Recorded data:
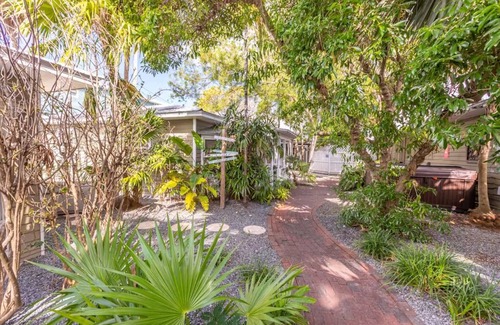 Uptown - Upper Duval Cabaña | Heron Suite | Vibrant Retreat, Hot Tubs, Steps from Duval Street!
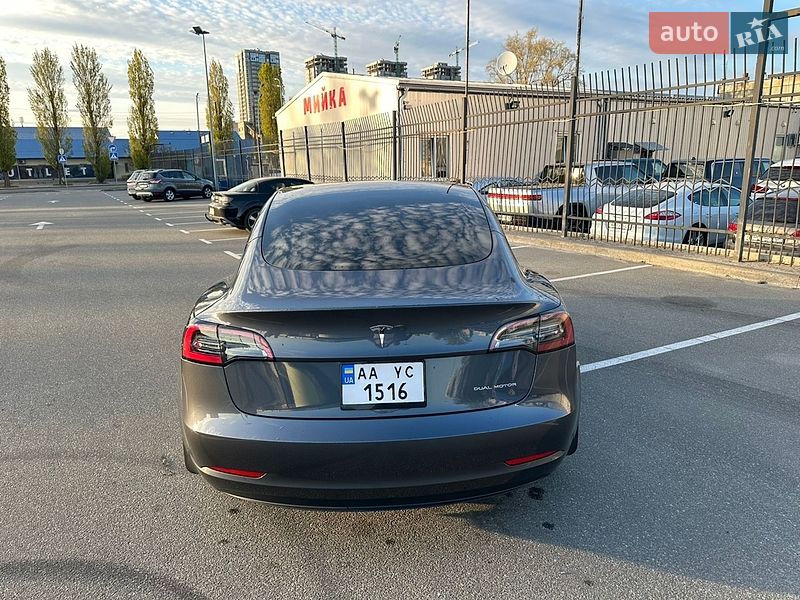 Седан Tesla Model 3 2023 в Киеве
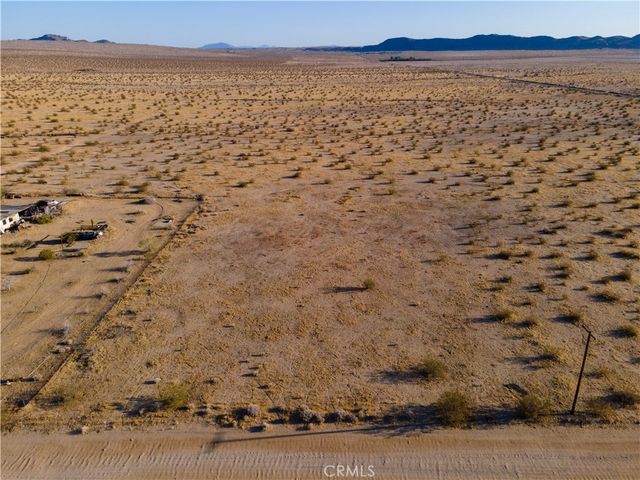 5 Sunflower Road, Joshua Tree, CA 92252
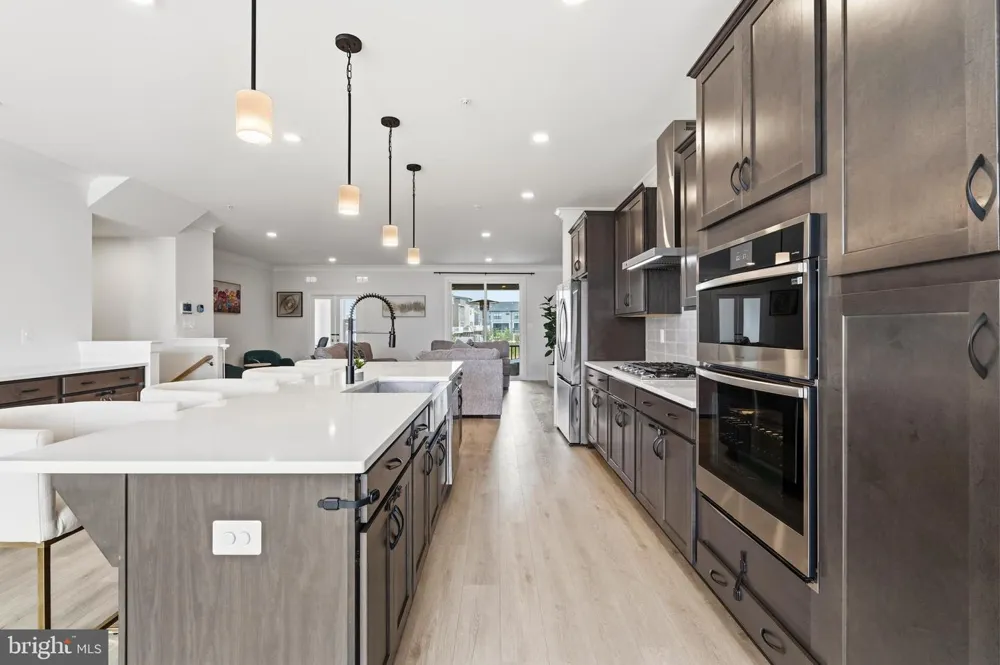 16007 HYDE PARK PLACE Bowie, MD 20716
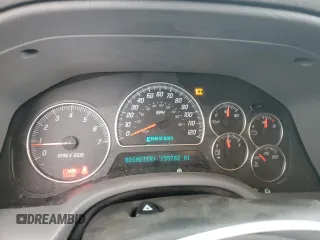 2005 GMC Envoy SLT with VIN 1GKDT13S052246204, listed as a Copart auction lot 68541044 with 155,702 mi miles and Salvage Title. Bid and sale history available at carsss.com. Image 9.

Your goal: Above are the records; set down exactly the lines from the line containing "5 Sunflower Road, Joshua Tree, CA 92252" through their last line, leaving every picture out.

Result of this task:
 5 Sunflower Road, Joshua Tree, CA 92252
 16007 HYDE PARK PLACE Bowie, MD 20716
 2005 GMC Envoy SLT with VIN 1GKDT13S052246204, listed as a Copart auction lot 68541044 with 155,702 mi miles and Salvage Title. Bid and sale history available at carsss.com. Image 9.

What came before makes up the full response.